Amy keek ademloos toe. Ze had Storm eigenlijk nog nooit zelf onder het zadel gezien. Daniël reed heel licht, net zoals zijzelf deed, en Storm liep super.
„Ik zet wel een hindernis voor je op,” zei ze na tien minuten. Ze sleepte twee staanders naar de ring en legde een balk op net iets meer dan een meter hoog.
Daniël galoppeerde een volte en huppelde er met Storm overheen.
„Zal ik hem wat hoger zetten?” riep Amy.
„Graag.” Daniël gaf Storm een klopje op zijn hals.
Amy verhoogde de balk met twintig centimeter. Toen Storm daar foutloos overheen was, zette ze de sprong op één meter veertig. En weer lanceerde Storm zich er met zijn krachtige achterhand moeiteloos overheen, met nog een heleboel ruimte tussen hem en de balk.
Daniël reed met stralende ogen naar Amy toe. „Wat een paard! Het voelt of-ie over huizen kan springen!”
Amy knikte, opgetogen dat nog iemand net zo enthousiast was over Storm als zij. „Hij is echt top.”
Daniël keek naar de hindernis. „Denk je dat-ie nog wat hoger kan?”
„Tuurlijk.” Amy verhoogde de sprong opnieuw en keek daarna om naar Daniël. Hij draafde met Storm op een grote volte en praatte zachtjes tegen de ruin. Daarna stuurde hij hem op de hindernis af.
Storms oortjes gingen naar voren. Hij zag precies waar hij af moest zetten, schoot de lucht in en vloog ruim over de balk.
Daniël liet hem in stap overgaan en klopte hem op zijn hals. „Jij hebt echt veel mazzel!” zei hij, toen hij met gloeiende wangen bij Amy terug was. „Storm is een superpaard.”
„Weet ik,” lachte Amy.
Opeens werd er een lege papieren voerzak over het erf geblazen, die tegen het hek smakte. Storm maakte geschrokken een sprongetje.
„Rustig maar, jochie.” Amy legde haar hand op zijn hals om hem te kalmeren.
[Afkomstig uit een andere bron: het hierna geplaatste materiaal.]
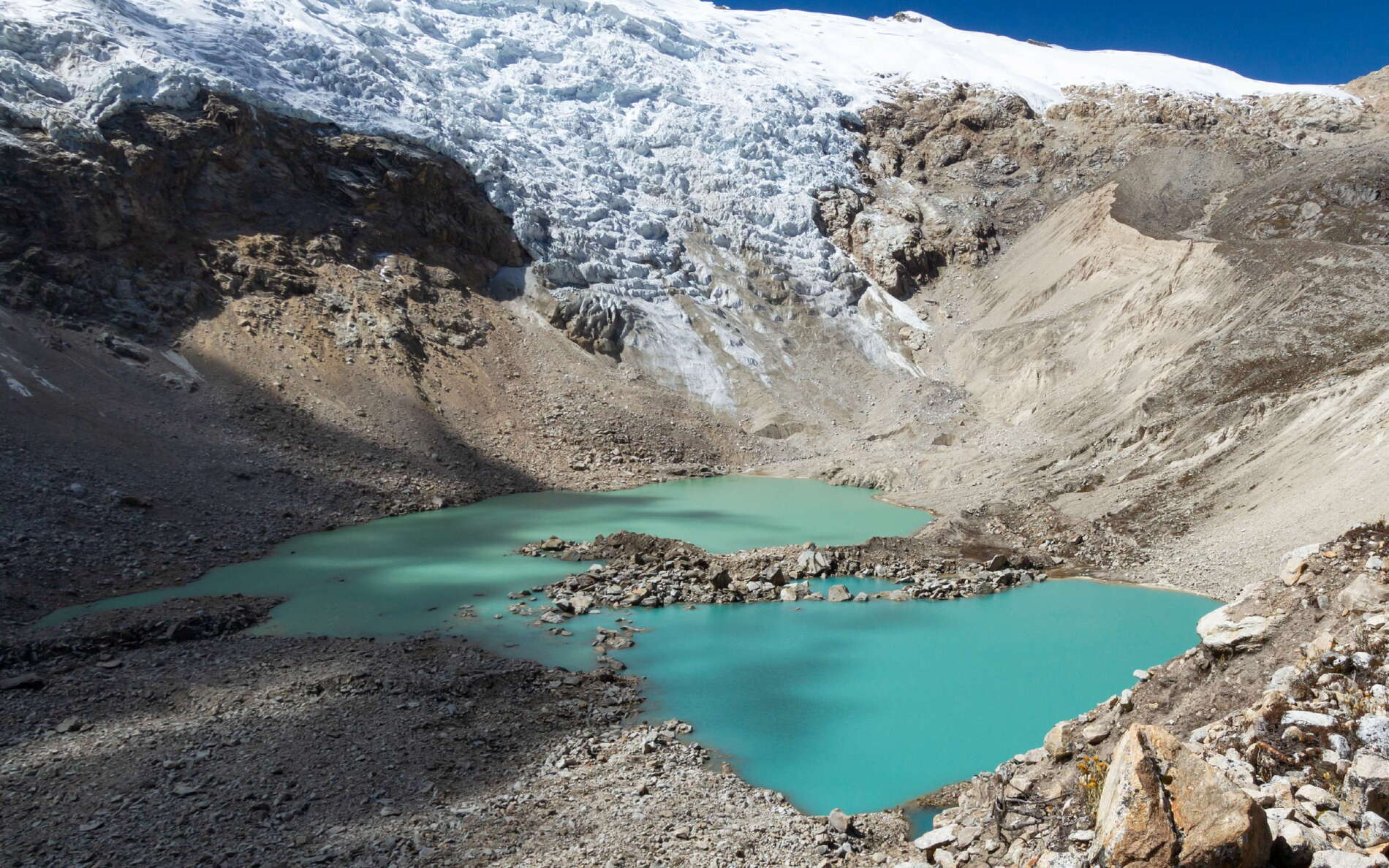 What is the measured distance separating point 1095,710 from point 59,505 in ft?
68.1

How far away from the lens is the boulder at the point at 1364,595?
6500 millimetres

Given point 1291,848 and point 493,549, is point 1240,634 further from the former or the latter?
point 493,549

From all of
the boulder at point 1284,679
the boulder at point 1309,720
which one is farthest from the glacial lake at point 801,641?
the boulder at point 1309,720

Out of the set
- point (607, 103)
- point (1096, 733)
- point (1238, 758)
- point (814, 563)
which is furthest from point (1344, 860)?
point (607, 103)

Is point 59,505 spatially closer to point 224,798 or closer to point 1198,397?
point 224,798

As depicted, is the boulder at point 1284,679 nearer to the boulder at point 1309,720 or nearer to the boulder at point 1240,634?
the boulder at point 1309,720

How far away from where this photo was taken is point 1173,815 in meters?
4.35

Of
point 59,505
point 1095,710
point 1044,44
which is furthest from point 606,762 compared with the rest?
point 1044,44

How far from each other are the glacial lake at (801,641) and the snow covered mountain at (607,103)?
20246mm

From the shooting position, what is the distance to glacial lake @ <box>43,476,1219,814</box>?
10742 mm

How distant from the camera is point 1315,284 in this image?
26375 mm

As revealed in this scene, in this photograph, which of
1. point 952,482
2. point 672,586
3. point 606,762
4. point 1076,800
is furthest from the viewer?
point 952,482

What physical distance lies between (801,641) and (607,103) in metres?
45.9

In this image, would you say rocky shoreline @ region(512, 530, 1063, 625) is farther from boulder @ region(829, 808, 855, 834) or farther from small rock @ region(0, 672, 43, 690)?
boulder @ region(829, 808, 855, 834) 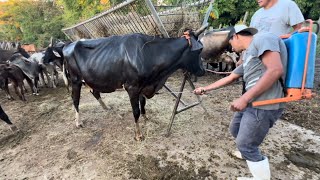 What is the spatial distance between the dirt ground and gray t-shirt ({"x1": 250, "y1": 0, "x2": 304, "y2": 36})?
1.78 meters

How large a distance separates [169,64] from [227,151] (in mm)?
1635

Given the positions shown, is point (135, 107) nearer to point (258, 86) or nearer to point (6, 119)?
point (258, 86)

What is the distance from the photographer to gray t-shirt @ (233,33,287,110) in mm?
1979

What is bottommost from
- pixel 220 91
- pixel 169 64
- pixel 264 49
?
pixel 220 91

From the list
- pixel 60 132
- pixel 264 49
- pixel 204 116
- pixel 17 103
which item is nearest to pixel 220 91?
pixel 204 116

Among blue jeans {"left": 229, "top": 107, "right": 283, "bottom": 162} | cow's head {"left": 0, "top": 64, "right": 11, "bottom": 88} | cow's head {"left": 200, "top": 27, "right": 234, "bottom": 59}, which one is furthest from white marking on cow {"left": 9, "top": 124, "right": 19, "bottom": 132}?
cow's head {"left": 200, "top": 27, "right": 234, "bottom": 59}

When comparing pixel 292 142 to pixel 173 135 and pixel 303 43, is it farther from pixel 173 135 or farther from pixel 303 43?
pixel 303 43

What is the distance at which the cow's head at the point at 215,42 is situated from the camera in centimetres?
636

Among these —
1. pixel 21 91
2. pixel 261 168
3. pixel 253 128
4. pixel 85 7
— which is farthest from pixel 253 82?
pixel 85 7

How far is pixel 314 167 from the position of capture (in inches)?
122

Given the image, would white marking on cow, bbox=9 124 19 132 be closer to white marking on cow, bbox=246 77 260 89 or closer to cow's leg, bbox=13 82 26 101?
cow's leg, bbox=13 82 26 101

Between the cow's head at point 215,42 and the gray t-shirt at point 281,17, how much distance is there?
9.43 feet

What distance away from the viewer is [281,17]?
3264mm

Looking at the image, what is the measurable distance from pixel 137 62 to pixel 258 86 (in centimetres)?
205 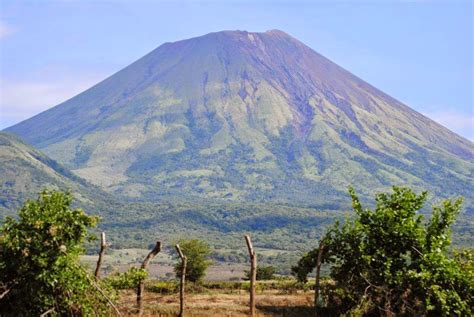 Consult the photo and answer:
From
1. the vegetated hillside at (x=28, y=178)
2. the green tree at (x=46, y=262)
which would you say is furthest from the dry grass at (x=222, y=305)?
the vegetated hillside at (x=28, y=178)

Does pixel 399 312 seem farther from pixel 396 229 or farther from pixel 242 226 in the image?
pixel 242 226

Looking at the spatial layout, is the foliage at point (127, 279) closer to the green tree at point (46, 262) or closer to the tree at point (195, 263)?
the green tree at point (46, 262)

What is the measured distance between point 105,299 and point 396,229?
25.7 ft

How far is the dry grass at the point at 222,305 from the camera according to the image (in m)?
18.3

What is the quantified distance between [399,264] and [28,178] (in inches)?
5521

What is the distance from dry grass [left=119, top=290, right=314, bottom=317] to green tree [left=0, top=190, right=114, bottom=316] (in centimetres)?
176

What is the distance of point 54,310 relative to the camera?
1392 centimetres

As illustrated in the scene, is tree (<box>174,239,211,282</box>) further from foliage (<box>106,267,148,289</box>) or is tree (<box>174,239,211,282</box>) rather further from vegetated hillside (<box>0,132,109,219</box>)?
vegetated hillside (<box>0,132,109,219</box>)

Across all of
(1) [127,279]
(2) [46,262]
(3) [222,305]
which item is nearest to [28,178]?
(3) [222,305]

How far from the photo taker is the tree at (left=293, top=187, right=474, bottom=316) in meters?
17.1

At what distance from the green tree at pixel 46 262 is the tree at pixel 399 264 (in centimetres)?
707

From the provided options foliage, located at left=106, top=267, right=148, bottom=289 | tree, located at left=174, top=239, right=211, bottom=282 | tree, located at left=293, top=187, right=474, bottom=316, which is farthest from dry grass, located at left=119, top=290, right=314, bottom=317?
tree, located at left=174, top=239, right=211, bottom=282

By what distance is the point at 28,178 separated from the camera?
149 metres

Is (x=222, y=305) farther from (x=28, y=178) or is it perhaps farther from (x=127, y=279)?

Storm ontspande zich weer.
„Amy!” riep Daniël. „Die pony in de wei hiernaast. Kijk!”
Amy had het hoefgetrappel al gehoord. Willow galoppeerde als een gek haar weiland rond, met haar oren plat in haar nek.
„Het komt door die voerzak!” Amy racete door de bak achter de zak aan. Het geluid van krakend papier herinnerde Willow duidelijk aan haar ervaringen met de paardentemmer. Amy greep de zak en verfrommelde hem. Maar Willow was zo van de kaart, dat ze niet eens merkte dat het geluid was opgehouden. Met haar neus in de lucht denderde ze in blinde galop recht op de omheining af.